2022 M09 29
À force de dire qu'une partie des rappeurs français a perdu la partie face à la créativité galopante de leurs homologues belges, on a fini par oublier de mettre du respect sur les noms d’une scène suisse en pleine ébullition : Makala, Mairo, Di-Meh, Rico KT, Rounhaa, Varnish La Piscine… Ce sont pourtant eux qui envoient les traditions dans les cordes. Eux qui travaillent au corps une nouvelle génération d’auditeurs avec des propositions musicales hybrides, parfois techniques, souvent énergiques, et toujours plus tordues qu’on ne pourrait le croire. Depuis environ huit ans, Slimka entretient brillamment cette tradition, en même temps que la vitalité du hip-hop, cette musique fondée sur l’avancée perpétuelle et la toute-puissance de la nouveauté.
Aussi à l’aise en studio et en freestyle que sur scène, le rappeur helvétique a pris le temps de construire son projet : avec « Tunnel Vision », sorti en 2021, il est même le dernier membre de la SuperWak Clique (Makala, Di-Meh) à avoir sorti un album. À raison : là où tant d’artistes tentent le long-format une fois l’attention des médias acquise, Slimka a préféré brouiller les pistes, multiplier les pseudos (George de la Dew et Diego), s’engager socialement pour sa ville (Genève) et digérer ses multiples influences, musicales et culturelles - Slimka est né d'une mère italo-allemande et d'un père sénégalo-malien.
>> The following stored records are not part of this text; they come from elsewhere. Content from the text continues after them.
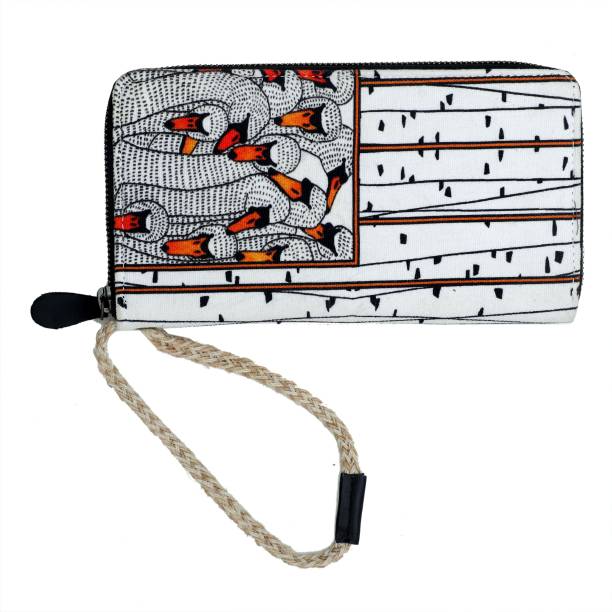 Casual White  Clutch Price in India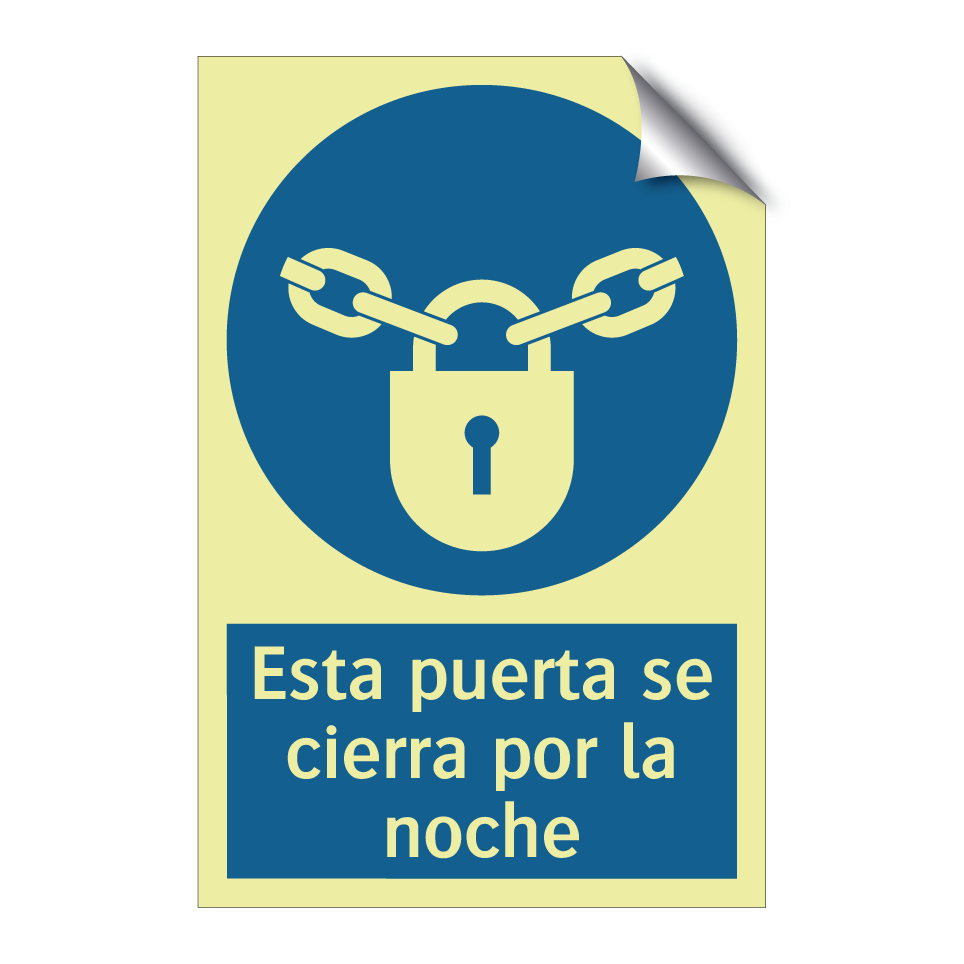 Esta puerta se cierra por la noche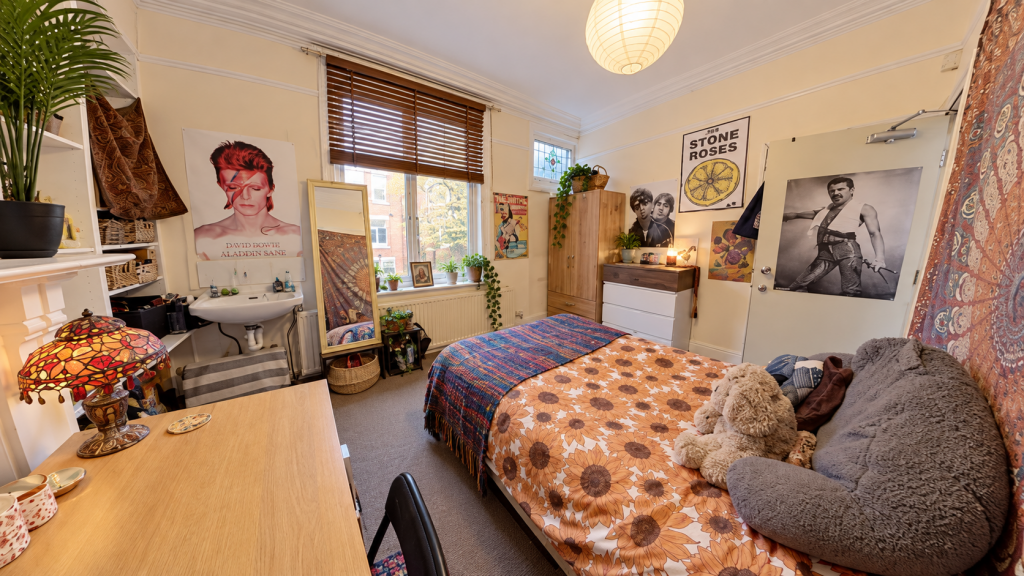 House in Leeds - View 4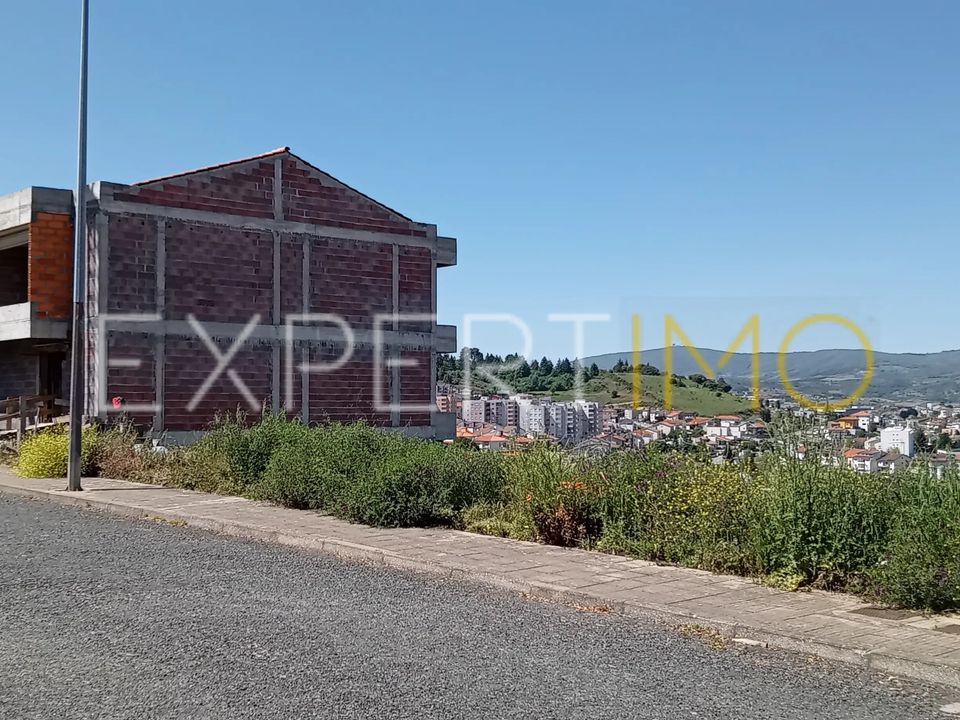 Helårsgrund i Braganca, Braganca - foto 4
Résultat : à défaut d'être un disque apte à marquer les esprits, « Tunnel Vision » contenait suffisamment d'idées, de fouge, d'expérimentations et de variations dans le flow pour être autre chose qu'une simple curiosité rapidement oubliée, ce petit truc en plus à même de faire passer un manque de profondeur pour de la candeur juvénile.
Malgré la sortie de « Tunnel Vision », Slimka a gardé le même rythme de production, la même soif de créativité : « J’ai voyagé, j’ai fait de la musique, j’ai vécu, j’ai fait de la musique, explique-t-il. La musique est constamment avec moi, elle m’aide à avancer et atteindre un new level chaque jour. » Le voici donc de retour avec « 6KLOP », un 4-titres en partie produit Davy One (Kalash Criminel, Maes ou Wejdene) et le Suisse lui-même.
Véritable boule de nerfs, ce nouvel EP débute par Best Life, un mini-banger plus adapté à des pogos qu’à des danses sexy et se conclut sur un Boryngo à la production étouffante. Entre les deux, Clark Kent et Ace, deux morceaux dotés d'une vraie musicalité, sans réelles fulgurances littéraires mais symboliques d’une interprétation dynamique, changeante et capable d’incarner les élans égotrips d’un rappeur toujours fascinant lorsqu’il opte pour l’autodérision : « La mentalité, chez moi, ce n'est que gagner/ Mettre tout c'que j'veux dans le panier, m'acheter une Maybach, la casser comme Kanye ».